Learn Spanish through Music! [15 great songs to learn with]

Learn Spanish Through Music! 15 great songs to learn with. Plurilingualism

If you are interested in learning Spanish with music and looking for some fun and modern Spanish songs, this is for you!

But first off, we all want to know: can you learn Spanish just by listening to Spanish music?


BUT, can you greatly improve your Spanish language level by listening to music?

Yes! Definitely!

Think about how babies learn. They listen and then they mimic. Music can offer the same learning environment for adults!

If you listen and mimic, you subconsciously train your brain to recognize not only pronunciation, but also sentence structure, various grammatical patterns, slang, the natural melody of the language, and more. This all leads to you sounding more fluent when you speak!

As we are adults, however, and not babies, its generally best to pair a more passive ‘mimicry’ type of learning (such as singing along to songs) with a more active type of learning.

How can you actively study with music?

One easy way to actively study Spanish with these songs is to translate the song into your native language. This is a very fun way to pay closer attention to the lyrics (and therefore the grammar, vocab, etc) and to really understand the song.

Another way would be to pay attention to the songs grammar and look up forms, particles, structures, verb tenses, etc., that you don’t recognize or fully understand yet.

Or perhaps one song is sung by a Spanish speaker from Argentina and you would like to compare it to a cover from a Mexican singer. Do you hear any differences in pronunciation?

Even more ways include making flashcards, playing memory games, researching cultural meanings behind songs, recording yourself to check on pronunciation, etc.

All of these 15 songs below are great to pair with any of these active study methods!

Note: The songs below are roughly organized by level, with song number 15 being the easiest for beginners and 1 being the most challenging on this list.

This is because the first few songs are slower, very clear in pronunciation, and have more simple grammar and vocab.

The later songs have more slang, looser pronunciation (or heavier accents), more challenging grammar, and/or are sung much quicker!

P.S – If you are learning Spanish, be sure to check out these helpful posts on the site here:

15.) Beso – Jósean Log (Indie)

This is a slow, romantic song with few lyrics that is great for beginners!

Due to the few and repeating lyrics, you don’t need to have an advanced level to understand too much.

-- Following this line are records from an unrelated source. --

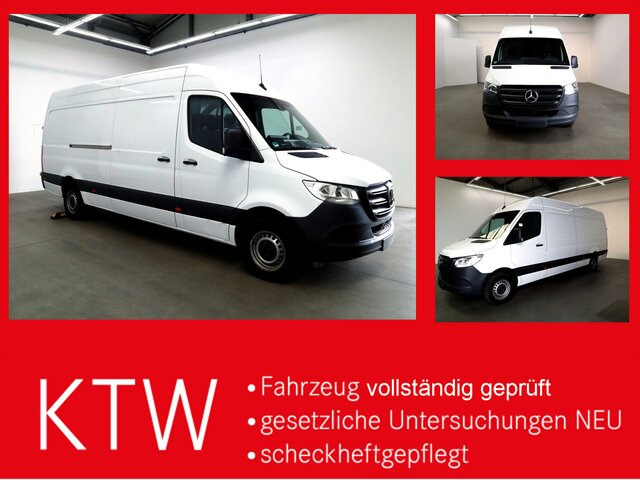 MERCEDES-BENZ Sprinter 317 Maxi,MBUX,Kamera,Tempomat - Цельнометаллический фургон: фото 1 MERCEDES-BENZ Sprinter 317 Maxi,MBUX,Kamera,Tempomat - Цельнометаллический фургон: фото 1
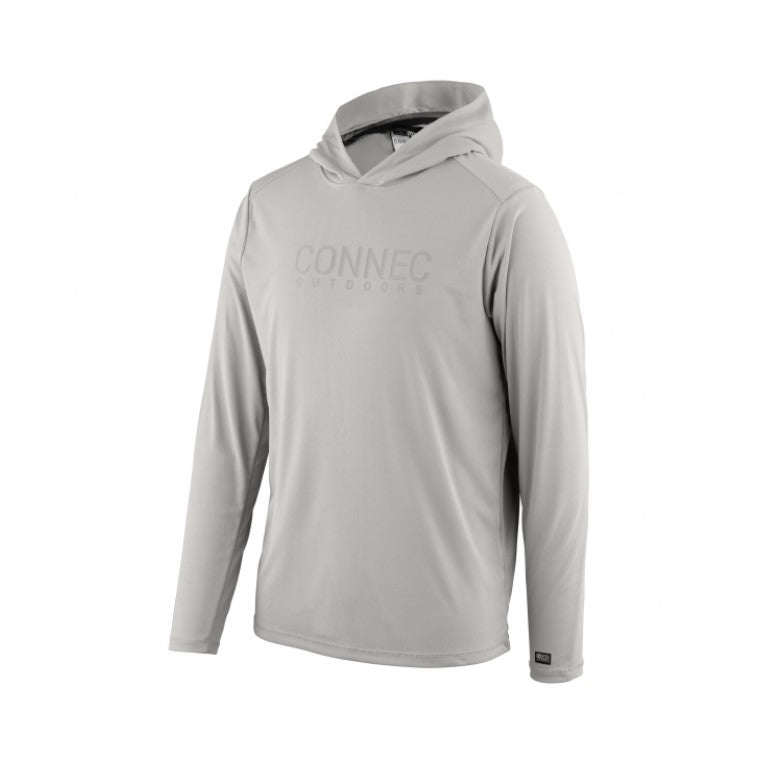 CONNEC CHANDAIL À CAPUCHE ANTI-MOUSTIQUE LT DRAFT - GREY image 2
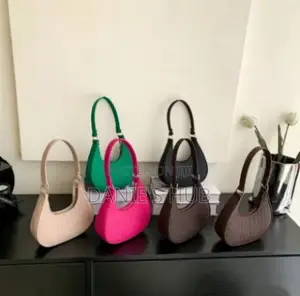 Unique Cresent Shaped Handbag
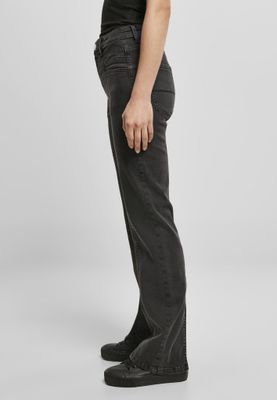 Damjeans med hög midja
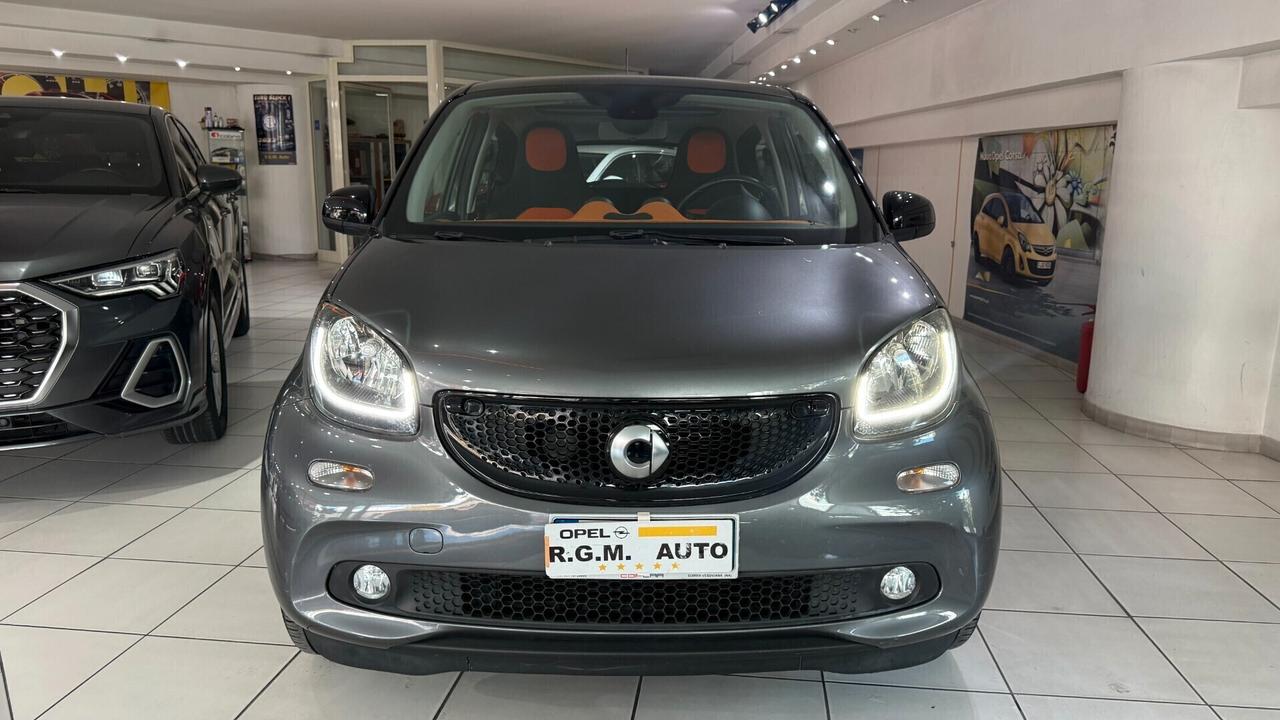 Smart ForFour 70 1.0 Passion DOPPIO TETTO PANORAMICO + BLOCK SHAFT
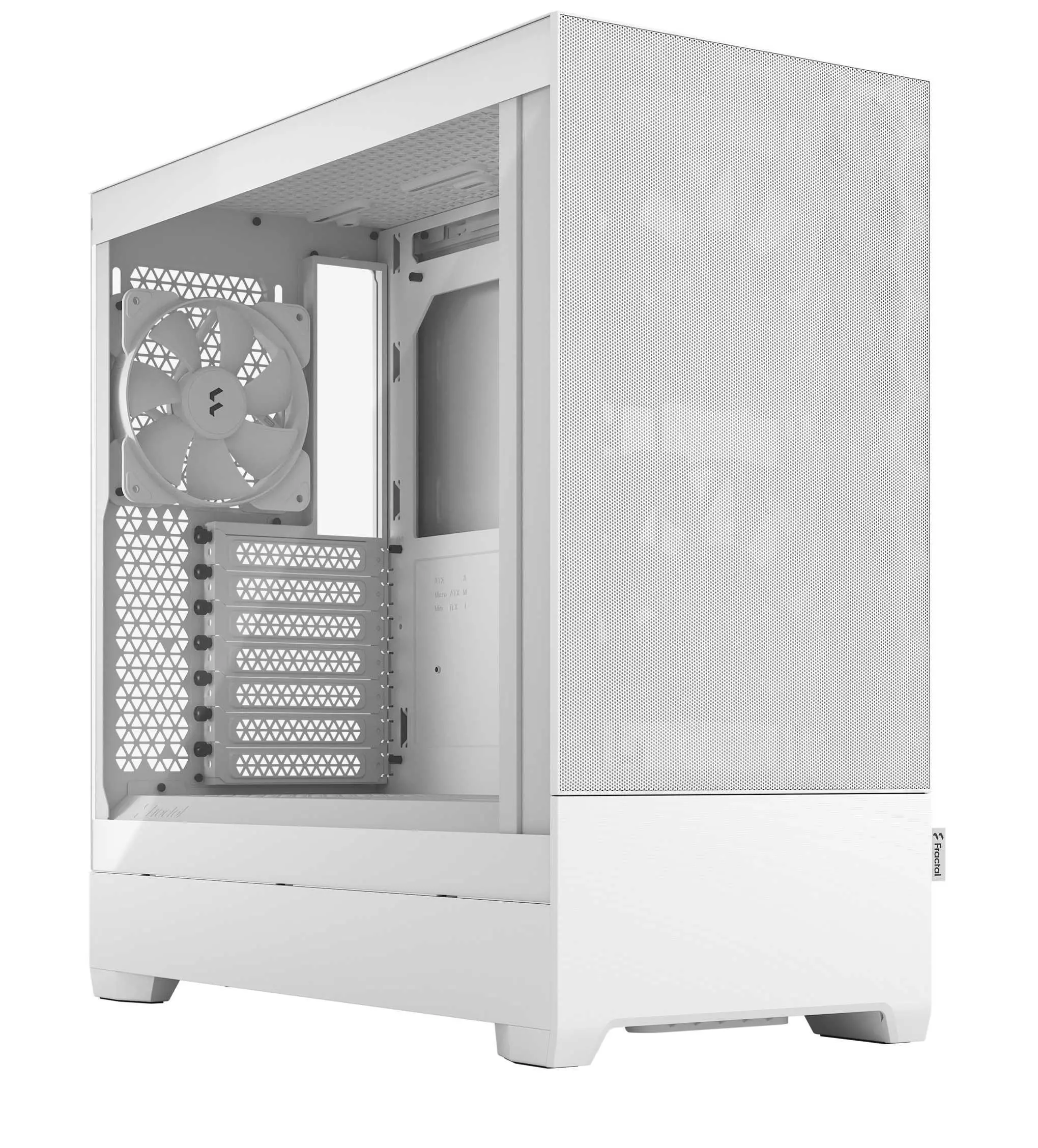 Obudowa Fractal Design Pop Air White TG Clear Tint Biały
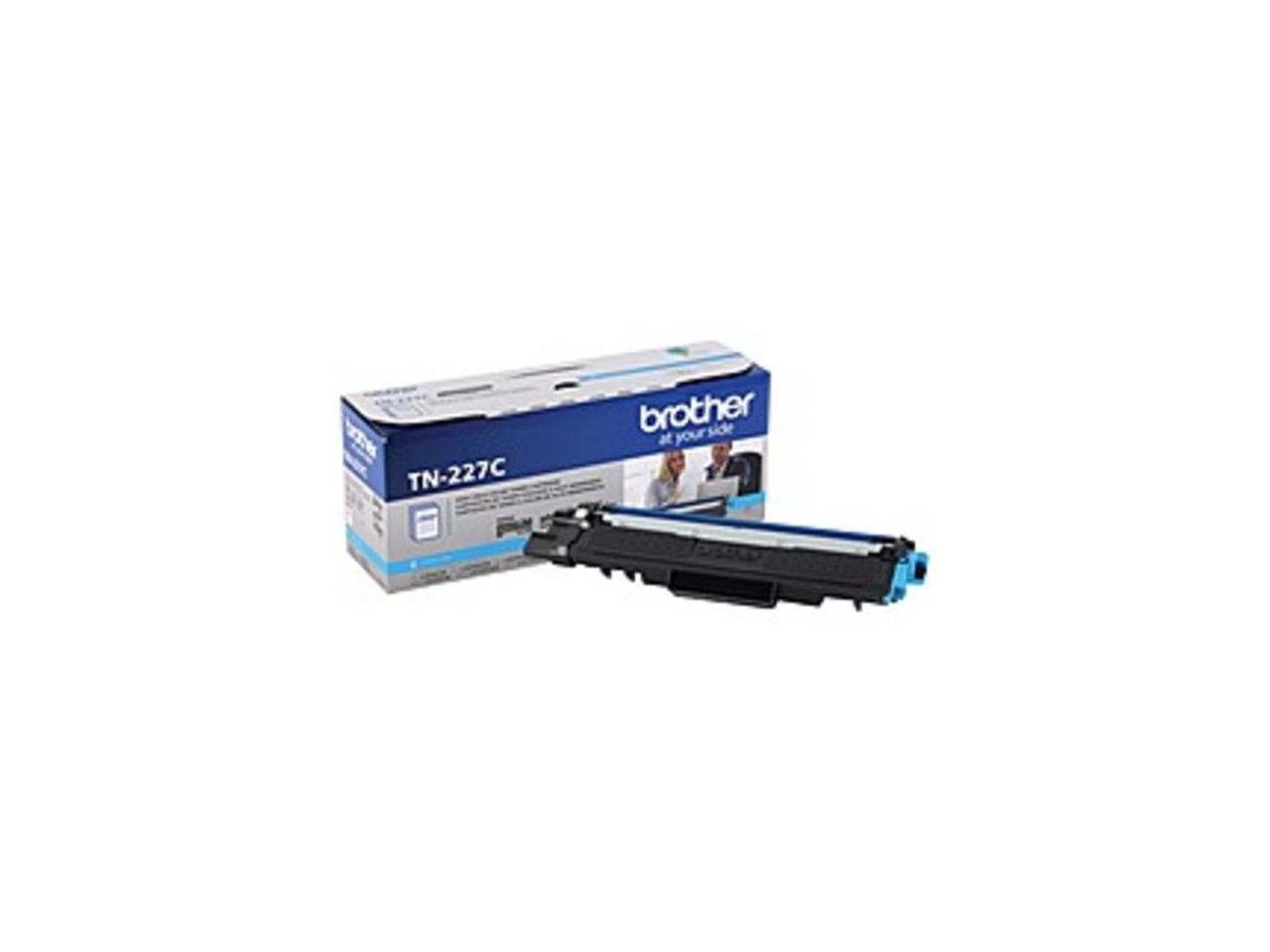 Brother TN227C High Yield Toner Cartridge - Cyan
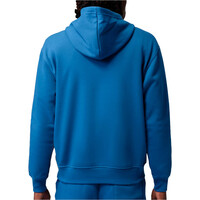 Nike sudadera hombre M J JUMPMAN FLC HBR PO 2 vista trasera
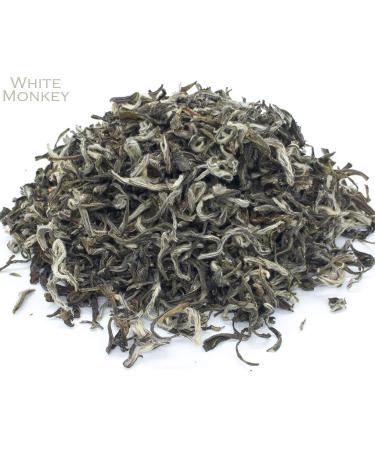 Bay Leaf and Green Tea Herbal Infusion (White Monkey - 25 Unbleached Tea Bags - 50g) White Monkey Green Tea - Buy Online on GoSupps.com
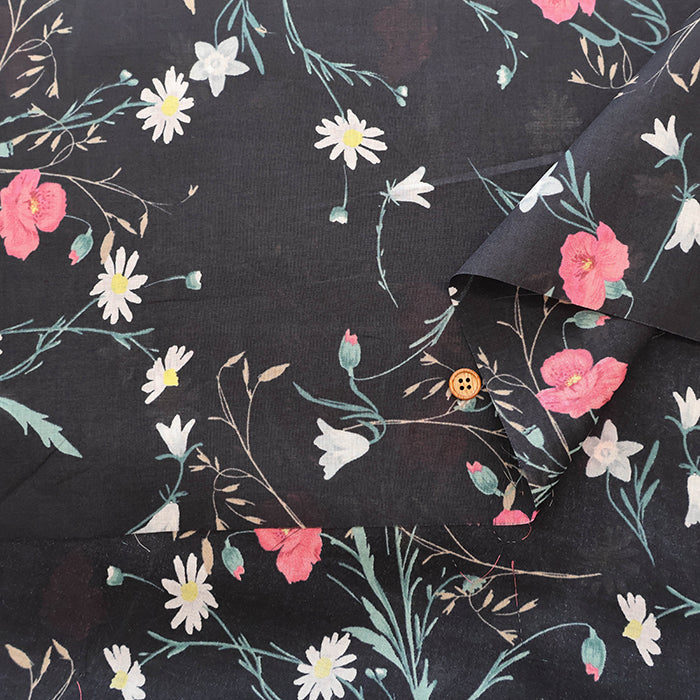 Double Width 60” Cotton Lawn Fabric - nomura tailor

The nouns are quite simple (and common!) and the verb tenses are generally not very complicated either.

This song is particularly great to learn and practice some comparisons (e.g “tan simple como un beso” – as simple as a kiss), imperatives (AKA commands, like “besáme” – kiss me), reflexive verbs (e.g “amarse” – to love one another) and indirect and direct object pronouns (like te, los, me etc.), among other things.

These are all very important features of Spanish and should be learned early on, if possible!

14.) Tu – Maye (Pop)

If you are looking for another slower, romantic song only this time with a tropical and dreamy feel, here it is!

This song is very sweet and sung slowly, so it is easy to hear each word. Therefore, it is one of the better songs for beginners interested in Spanish music!

It is also sung mostly in present tense and doesn’t have many complicated verb tenses or nouns, so this gives this Spanish song even more reasons to be on any beginners playlist.

You can hear and master “tu” conjugations, in particular, with this song, as well as present tense conjugations of many verbs.

13.) Buen Viaje – Anni B Sweet (Indie)

This song is a fairly short and simple one that is sung mostly in the past tense.

Buen viaje also often uses the present perfect tense (e.g “me has convencido” – you convinced me), as well as the past perfect tense (e.g “me hubiera gustado…” – I would have liked…).

Using this song and some resources found on my master post of Spanish resources (here), you can certainly study master the past tense and the present perfect and past perfect tenses!

All of these tenses are very common and are highly recommended to master early in your Spanish studies.

12.) La Magia – Little Jesus (Alternative)

This is a clearly sung song that has quite a bit of future tense!

It contains two very important and very common ways to talk about the future.

The near future tense (ir + a + infinitive -> Ese trabajo te va a matar – This job is going to kill you) and the simple future tense (ser -> ¿Y qué más da, lo que será? – What does it matter what will happen?).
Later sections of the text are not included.